105. When the check is presented at the bank and the money is passed over the counter, to one other than the maker (or depositor who drew it) and accepted by him, the holder is absolute owner of the money. If the bank afterwards finds the depositor's balance was not large enough to meet it, and cannot recover from the maker on the overdraft, it is the bank's loss, unless there is fraud or collusion on the part of the payee, or holder, as where he presents a check when he knows that the drawer has no funds. Bank v. Burns, 68 Ala., 600. Where payment is made and accepted in good faith the money becomes the property of the payee or holder. Bank v. Berrall, 70 N. J. Law, 757, where check was paid after revocation. See Sec. 113. It could not be attached as the depositor's.

106. If a check is presented for more than the depositor has to his credit the bank is not bound to pay what it has,

but if it does it should indorse on the check the amount paid, if check is not surrendered. See Sec. 137.
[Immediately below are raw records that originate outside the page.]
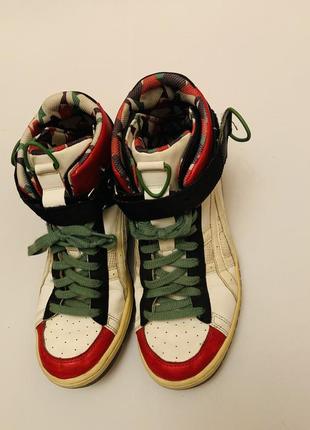 Кросівки asics hy816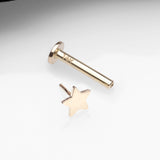 Detail View 2 of 14 Karat Gold OneFit Threadless Flat Star Top Flat Back Stud Labret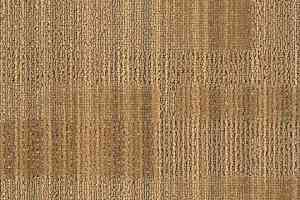 Ковровая плитка Forbo Tessera Alignment 220 Essence фото  | FLOORDEALER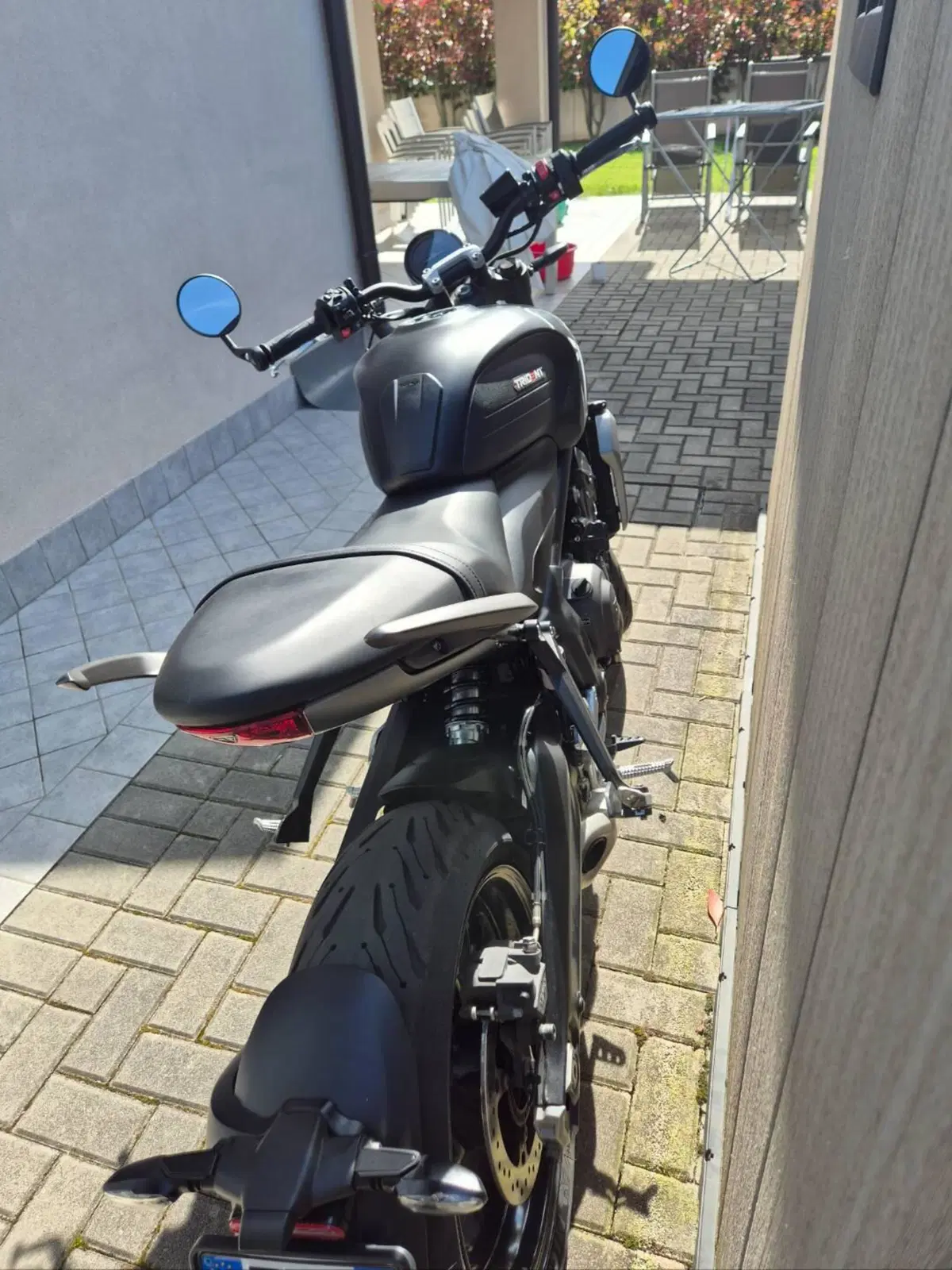 Triumph Trident 660 (2021 - 24) (5)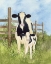 Picture of FARM FAMILY COWS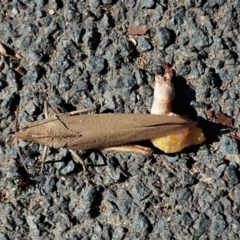 Goniaea sp. (genus) at Cook, ACT - 28 Dec 2021 04:50 PM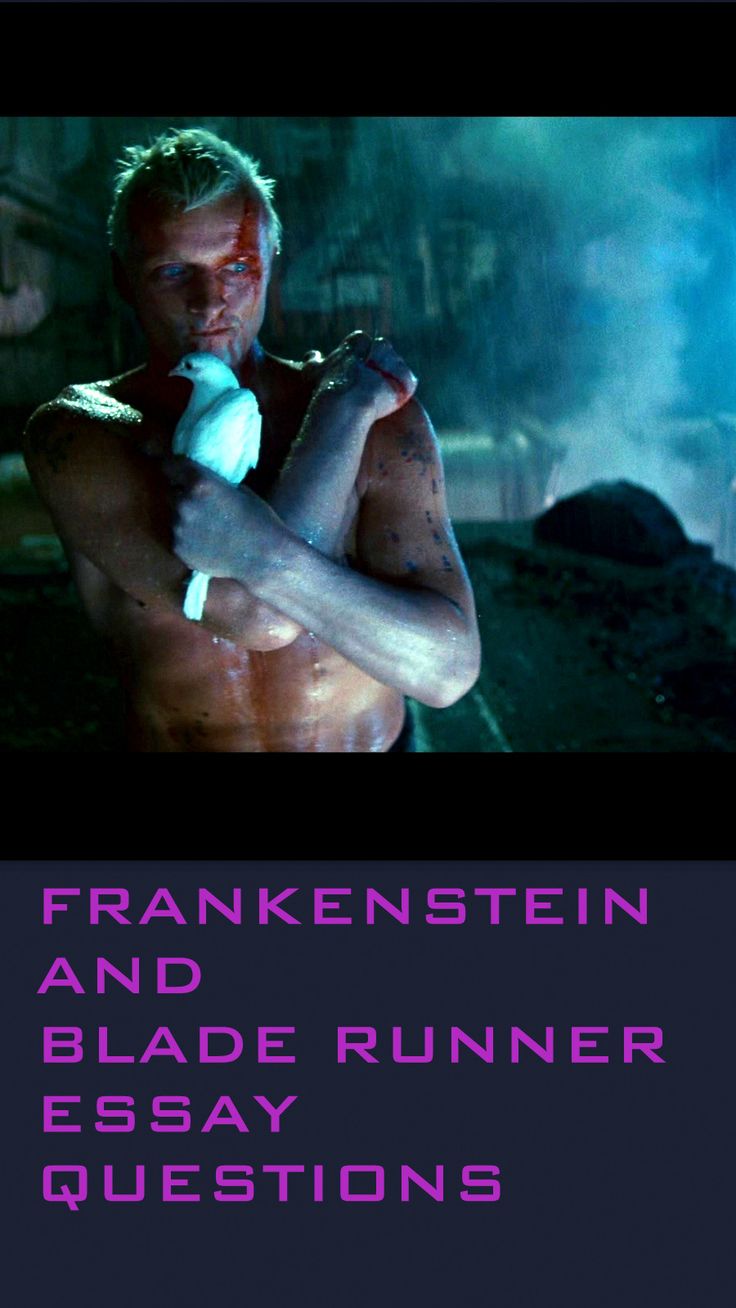 Frankenstein essay questions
107. The fact that the bank has previously allowed overdrafts will not obligate it to pay a check in full when the drawer has not sufficient funds. If several checks are presented at the same time, as through a clearing house, and there are sufficient funds to pay one but not all, in some places it is the custom to refuse all, and upon a second presentation pay the first presented; in others the custom is to pay the first in date; and in still others to pay the smaller ones, though the bank is not bound to pay any when they aggregate more than the balance to the credit of the depositor.

108. If a check is presented and payment refused for lack of sufficient funds, the bank may in most jurisdictions disregard the check, and can treat funds deposited or checks presented afterwards without reference to the order refused. Gilliam v. Merchants Nat. Bank, 70 Ill. App, 592.

109. The only duty the bank owes is to pay, upon presentation, all checks properly drawn against an unencumbered balance. It need do nothing else. So it is not bound to certify, or to promise that it will keep out funds when received. It need not answer questions regarding the depositor's account. Though it has been held in Kansas that the bank can be made to disclose the state of the depositor's account, this was in a case where the disclosure was to the grand jury in considering an indictment. Of course, if a bank does accept a check, or certifies, or promises to do something beyond merely making immediate payment, it may become bound, but it is not otherwise under obligations to do more than pay it.

110. A payment in forged or counterfeit paper or money would be no payment at all; payment must be in legal tender, in the absence of any special contract between the depositor and the bank. See Sec. 203.